Top 10 Reasons Businesses Fail Number 1 – Owners Just Don't Get It
There are so many things that owners do wrong, that they are too long to list. Most problems have to do with owners’ egos. They are so consumed with impressing themselves that they are often blind to what is really going on in their business. They are too close to the business to see things clearly because everything they do or implement is a figment of their own imagination. There is a reason that authors have editors. If an author reads what they wrote, they read what they MEANT to write. If an editor reads what the author wrote, the read what the author TRULY wrote. Let’s list out some of the most common problems:
1. Usually business owners are very good at their particular trade, but it doesn’t mean they know how to run a business. Anything they implement in the business is based on their lack of knowledge. Prime examples of this point are doctors and lawyers. They are good at their trade, but bad at business. They should seek outside help.
2. Owners are stubborn and refuse to accept input from others. They refuse to take advice from anyone inside or outside of the company.
3. They are greedy. There is nothing wrong with wanting to be successful and make a lot of money. That is the reason why we are in “for profit” businesses.
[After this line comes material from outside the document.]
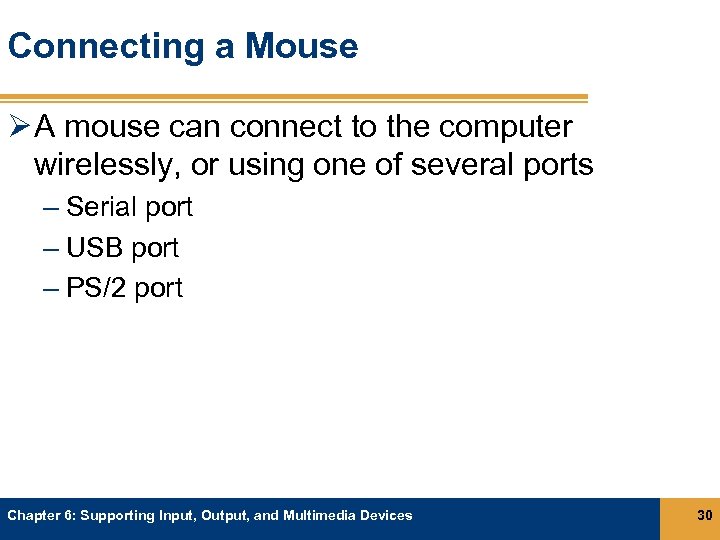 Connecting a Mouse Ø A mouse can connect to the computer wirelessly, or using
But being greedy often makes owners cheap. They refuse to spend the necessary dollars on quality products or services which costs them more in the long run.
4. They are scared of risk. Just because something is working well, doesn’t mean you shouldn’t try other things. Expanding to a new area or altering your products and services might provide more money than you are currently making.
5. They are too hands on. Revenues grow exponentially when you have people producing income for you. An owner doing all the work can only produce a limited amount of income. Your business is not unlike a pyramid (now called multi-level marketing, mostly to avoid regulations meant to stem that activity). Take our private investigations company. We can charge $75.00 per hour, so the most we can make with two owners is $150.00. But if we pick up additional investigators, we can charge $75.00 an hour, pay the investigators $25.00 per hour and pick up an additional $50.00 in company revenue per investigator. Make sense? But the investigators who are so stuck on the idea that they have to do the work to get it right are limited on how much they can bring in to the company.
I could go on and on with these examples. Let me close with a short story about a paradigm shift:
A boat is cruising along on a foggy night. They see a light of an oncoming boat. The navigator gets on the microphone and says, “You are in our direct path, please change course”. The other voice simply says, “I suggest you change course”. The captain who is listening grabs the mic and says, “This is Captain Smith of the US Navy, change your course”. The voice again comes back and says, “Sir, this is Ensign Brown and you should change your course”. With this response, the captain yells, “We are a US Destroyer, change your course now”. The voice come back calmly and says, “We are a lighthouse”. The ship changed course.
Sometimes all it takes is one additional piece of information to shed a whole new light on a situation. Don’t get trapped in linear thinking.